Sadly, there are no known treatments for the lifelong pain these veterans endure.
“In a new landmark report, the Institute of Medicine has recognized that, and called for a major national research effort to identify treatments.  The scientific community has responded with a dramatic increase in the quality and quantity of proposals that are submitted to the Congressionally Directed Medical Research Program, otherwise known as CDMRP. 

“In the FY 12 Defense Appropriations bill, CDMRP programs with direct relevance to current forces received a 25% increase.  The research conducted by the Gulf War Veterans Illnesses Research Program is vital not only for ill Gulf War veterans, but also for other military forces.  “As summarized by the IOM committee chair on the topic, Dr. Stephen Hauser, Gulf War illnesses research is ‘vital to the health and effectiveness of current and future military forces, in addition to Gulf War veterans.’  

“Most encouraging, CDMRP-funded researchers have completed the first successful pilot study of a medication to treat one of the major symptoms of Gulf War illness.  Just last month, a report was released on the first successful medication program study in the history of Gulf War illness research.  The study showed that the low-cost supplement, Coenzyme Q10, produced significant improvement in one of the most serious symptoms of Gulf War illness, fatigue with exertion, as well as improvements in nearly every other symptom.  It is not a cure, and the study needs be replicated in a larger group, but the result is extremely encouraging. The next step is for clinical trials, which will only be funded by the CDMRP.
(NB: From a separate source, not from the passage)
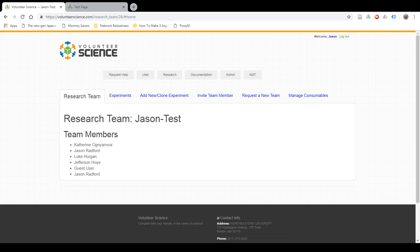Hi, this is Jason. Today I'm going to show you how to create an experiment from a template. Volunteer Science has already built a number of experiments that you can use for your own research. This is how you take those experiments that we've created and make them accessible for your participants.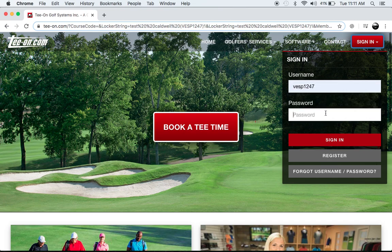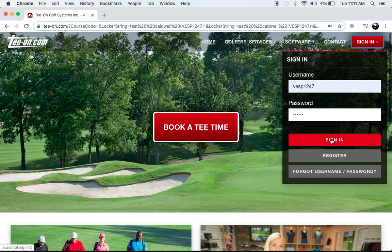So first thing, you're going to sign into your account. Every Vesper Hills member will have a tee on account.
“The amendment’s offset comes from the Pentagon Channel, which is costly. It is over $29 million in the past 3 fiscal years. It is redundant; there are 8 other armed forces network television services providing news, entertainment, lifestyle, documentary and religious programming to service members and their families across the globe and it does not provide a vital service.  This research is critical to our troops in the field now as well as those that will be fighting in the future.

“According to the VA’s Research Advisory Committee on Gulf War Veterans’ Illnesses, the known causes of GWI are from exposures incurred in Iraq, like certain pesticides, or are from exposures incurred before deployment, like pyridostigmine bromide, a drug taken as an antidote to the nerve gas, Sarin.  There is also some evidence for a link between GWI and exposure to low-level exposure to nerve agents, close proximity to oil well fires, receipt of multiple vaccines, and combinations of Gulf War exposures. 
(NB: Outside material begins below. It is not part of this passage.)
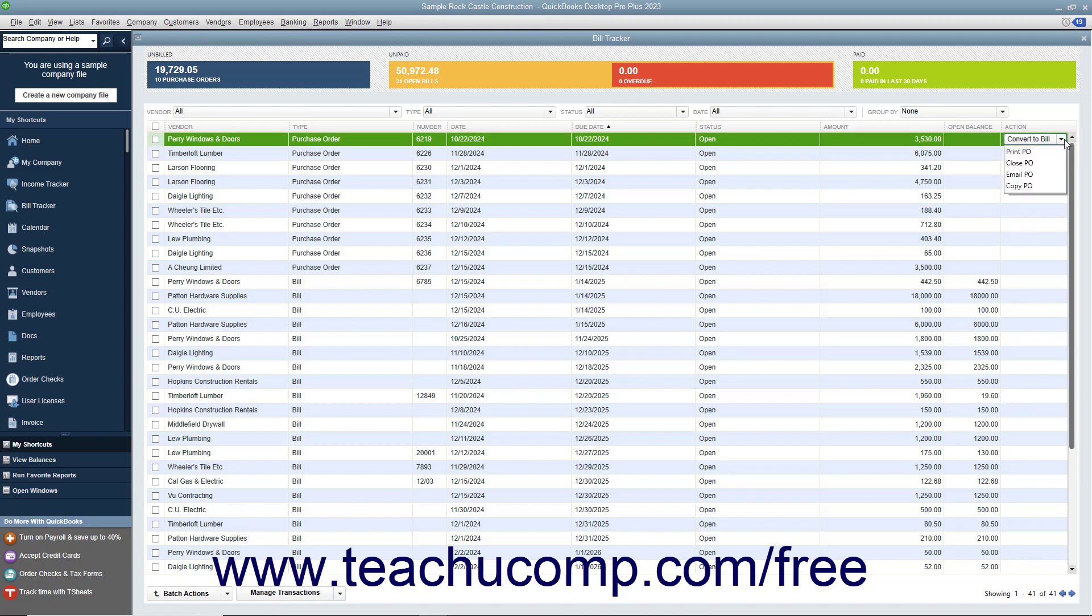You can also perform an action on a batch of selected items of the same item type. For example, you could choose to batch print selected purchase orders or pay a batch of selected bills.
“Current forces in Iraq and Afghanistan can still incur each of these exposures. That is why the Chair of the IOM Committee report on Gulf War Illnesses said that ‘This IOM report makes findings and recommendations vital to the health and effectiveness of current and future U.S. military forces, in addition to Gulf War veterans.’

“This is a time for us to say thank you to those who served; to say that we understand the suffering that Gulf War veterans have had with this illness and that we are dedicated to finding higher levels of research to make sure that we can relieve their suffering.